Over the next decades he published 11 more books, including, besides those mentioned above, “Brave Companions: Portraits in History,” a collection of his essays; “1776,” which dealt specifically with the American military under George Washington and which complemented the John Adams book; and “In the Dark Streets Shineth: A 1941 Christmas Eve Story,” about the message of hope that Franklin D. Roosevelt and Winston Churchill sent forth when they met soon after Pearl Harbor.
In 2011 came “The Greater Journey,” a lushly illustrated book about Americans in Paris beginning in 1830. It did not fare so well with critics. Janet Maslin of The Times wrote that Mr. McCullough had trouble finding a unifying theme, and thus ended up with “space-filling observations” and uncharacteristically awkward juxtapositions.

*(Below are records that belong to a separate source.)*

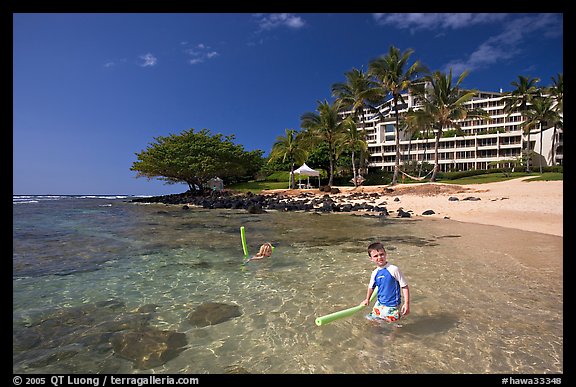 Children on Puu Poa Beach and Princeville Hotel. Kauai island, Hawaii, USA (color)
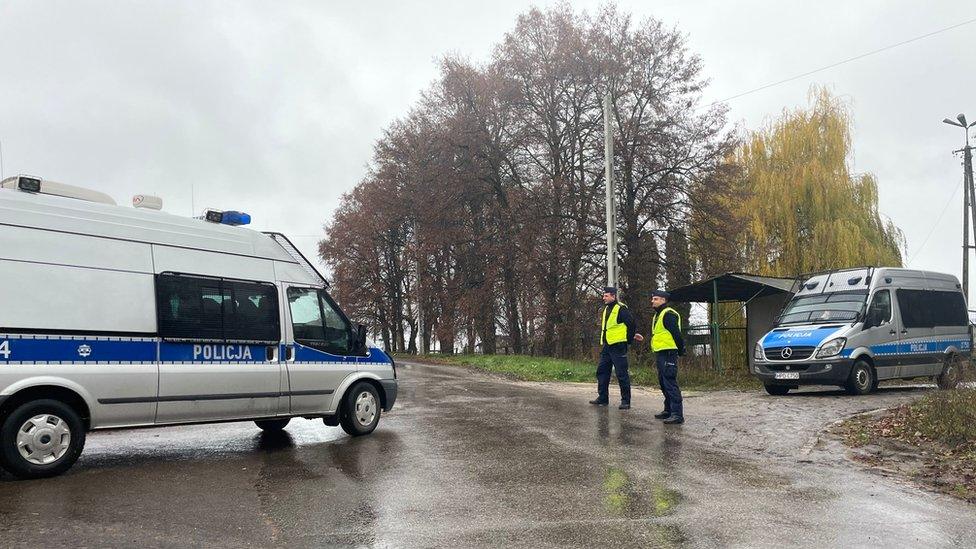 Police officers walk next to a police vehicle at a blockade after an explosion in Przewodow, a village in eastern Poland near the border with Ukraine, November 16, 2022. R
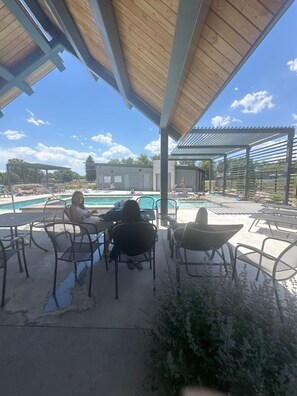 A covered outdoor area with a pool, lounge chairs, and a pergola structure.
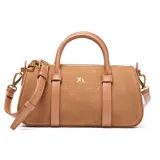 Cartera tipo baúl compacta de símil gamuza color tostado, combinada con detalles en PU liso del mismo tono. Cuenta con doble asa corta rígida, correa larga regulable y desmontable, y herrajes metálicos dorados. El compartimento principal tiene cierre superior y un bolsillo interno con cierre. Presenta el logo XL metalizado en la parte frontal.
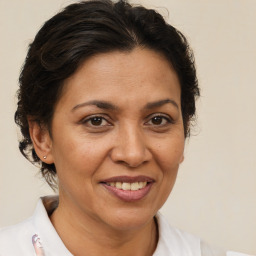 Joyful white adult female with short  brown hair and brown eyes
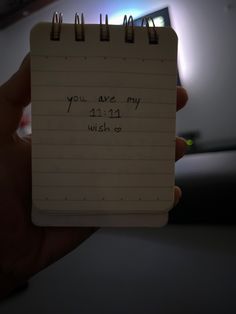 a notepad with the words you are my wish on it is held in someone's hand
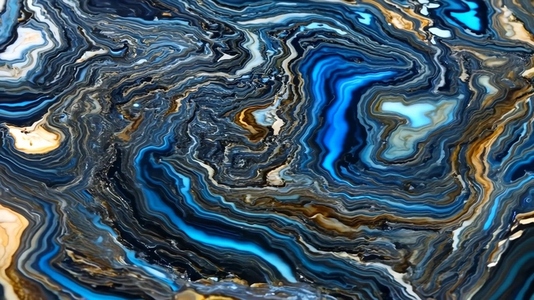 A close up view of a beautifully patterned agate stone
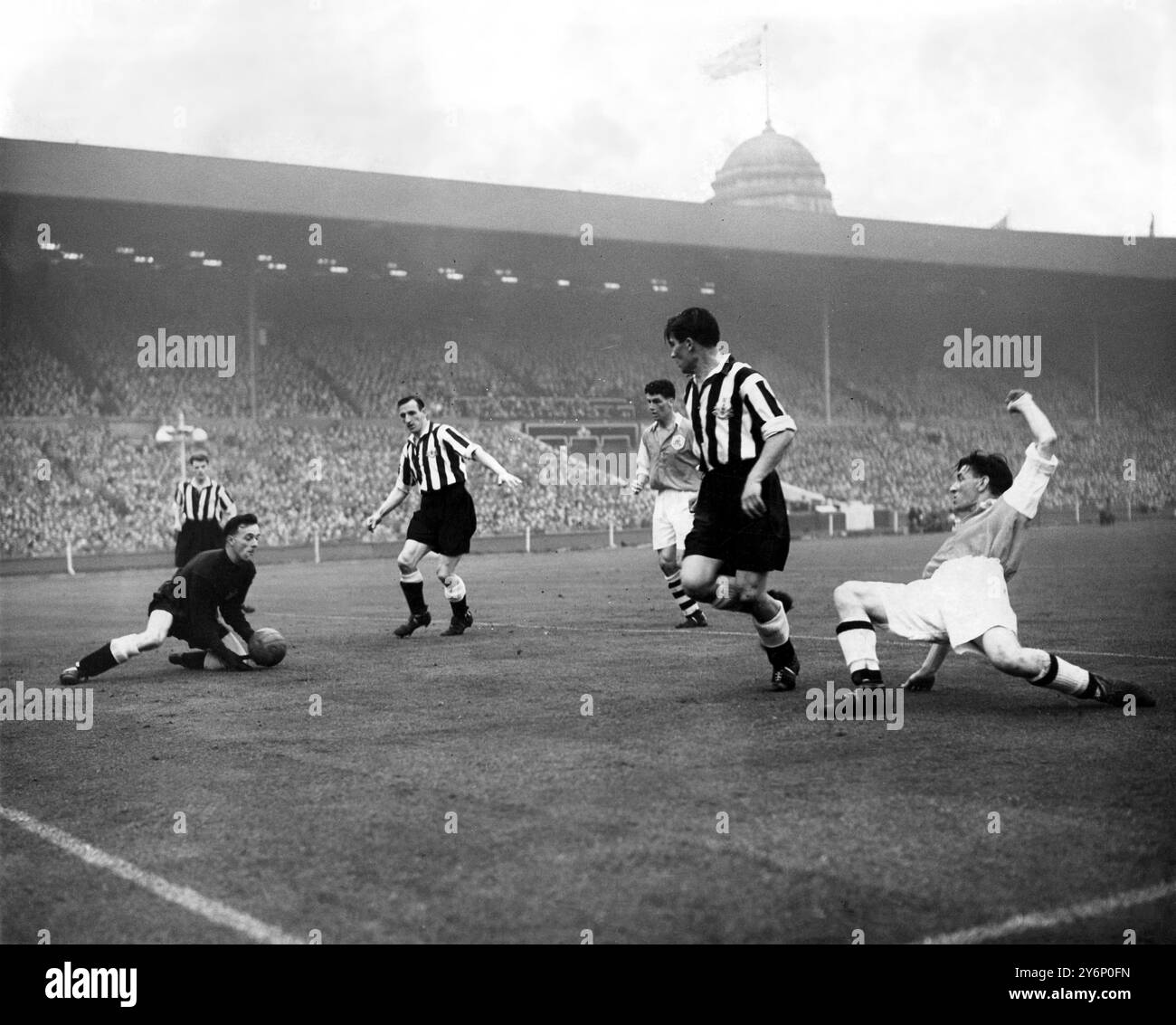 Mai 1952: Das Finale des FA-Pokals im Wembley Stadium. Newcastle United gegen Arsenal. Foto zeigt: Ronnis Simpson, der Torwart von Newcastle, geht aus, um zu retten, während der Ball während eines Arsenal-Angriffs über die Newcastle Tormündung fährt. Auf der rechten Seite ist Jimmy Logie, das Arsenal von innen. Der Newcastle-Spieler vor Simpson ist Frank Brennan, die Mittelhälfte und rechts von ihm Cliff Holton, der Mittelstürmer des Arsenals. Stockfoto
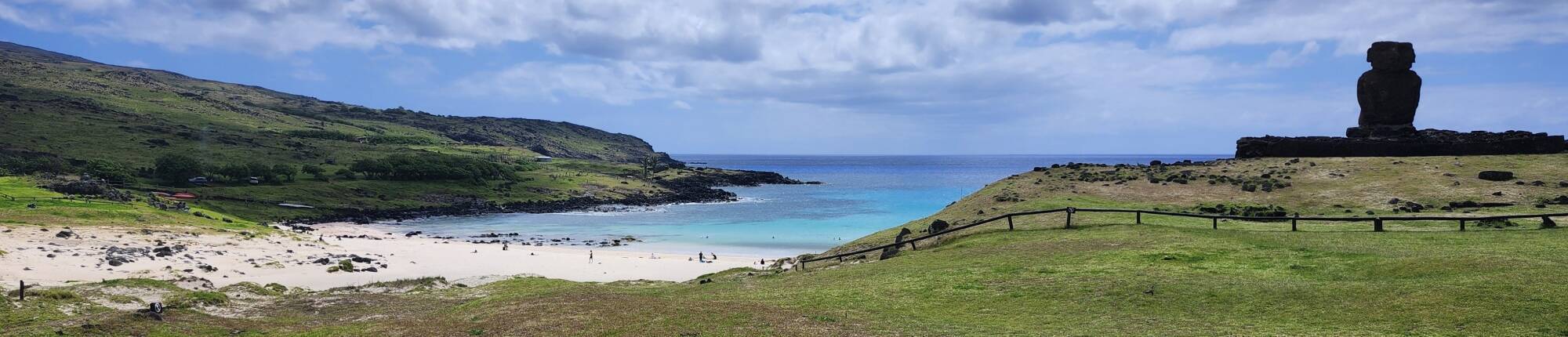 Mo'ai overlooking the white coral sand beach at Anakena.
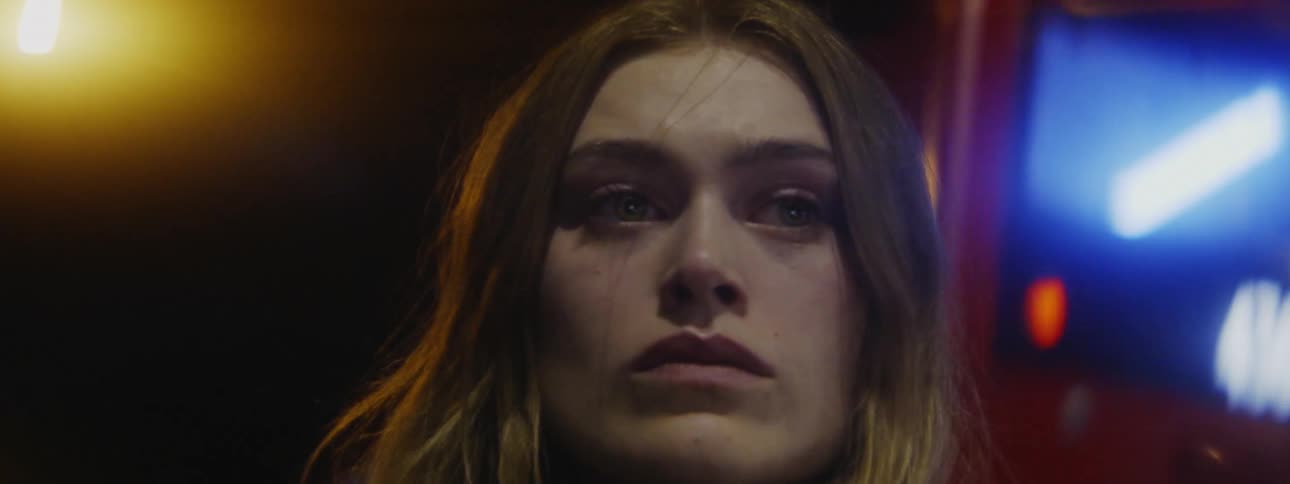 A sad looking woman stands outside at night as a bus drives behind her
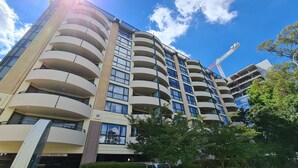 A multi-story building with balconies, a construction crane in the background, and a clear sky. - 1BR Executive Apartment, in City Centre (Braddon)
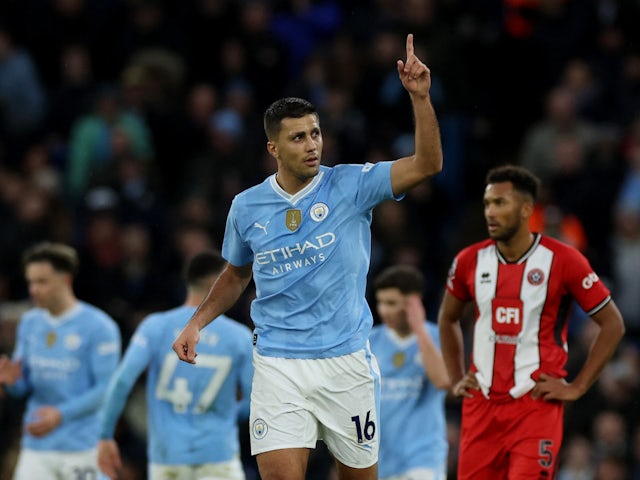 Man City beat Sheffield United to close in on leaders Liverpool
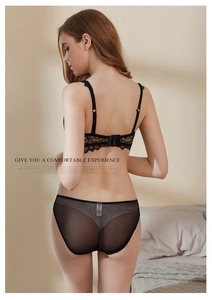 Detail of black lace bra with dual-row hook closure and back floral embroidery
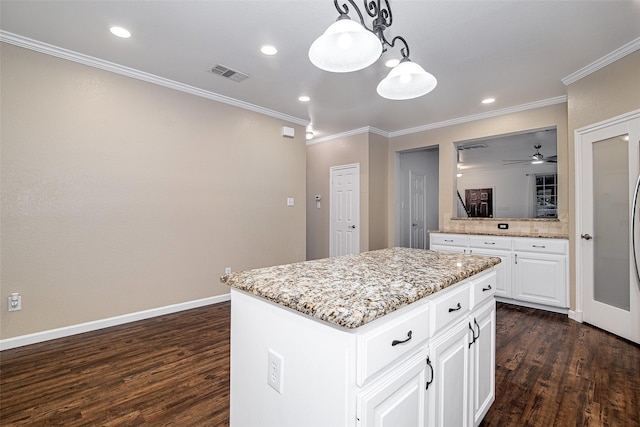 kitchen with dark wood finished floors, visible vents, ornamental molding, and a kitchen island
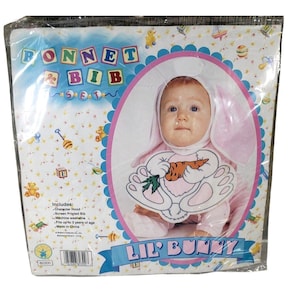 May include: A packaged Lil' Bunny costume set for babies and toddlers. The set includes a pink character hood with bunny ears and a screen-printed bib featuring a bunny holding a carrot. The packaging reads "Bonnet & Bib Set".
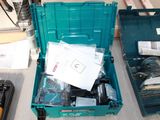 a green tool box filled with assorted items on a table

He followed “The Greater Journey” with “The Wright Brothers” (2015); “The American Spirit: Who We Are and What We Stand For (2017); and his most recent book, published in 2019, “The Pioneers: The Heroic Story of the Settlers Who Brought the American Ideal West,” which provoked sharply critical reviews in The Times and The Washington Post as part of a wider controversy. “A new generation of historians, scholars and activists took to social media to accuse McCullough of romanticizing white settlement and downplaying the pain inflicted on Native Americans,” wrote The Associated Press.
Such complaints as there were about his earlier works often had to do with his obvious affection for the subjects he chose. “Truman,” for instance, helped change history’s opinion of the man for the better; it did not bring an independent point of view to the bombing of Hiroshima and Nagasaki, ordered by Truman. But then, Mr. McCullough made no secret of his admiration for men and women who were known not only for achievement but also for their courage and independence, and for principles that put the greater good above personal ambition.
Mr. McCullough was himself often held up as an exemplar of solid values. He received many awards from professional historical societies and some 40 honorary doctorates. In 2006, he received the Presidential Medal of Freedom.
In 2003, he was chosen by the National Endowment for the Humanities to deliver the prestigious Jefferson Lecture in the Humanities in Washington. He spoke of the founders’ notion of the pursuit of happiness — which, he said, did not mean “long vacations or material possessions or ease.” Rather, he said, “as much as anything it meant the life of the mind and spirit.”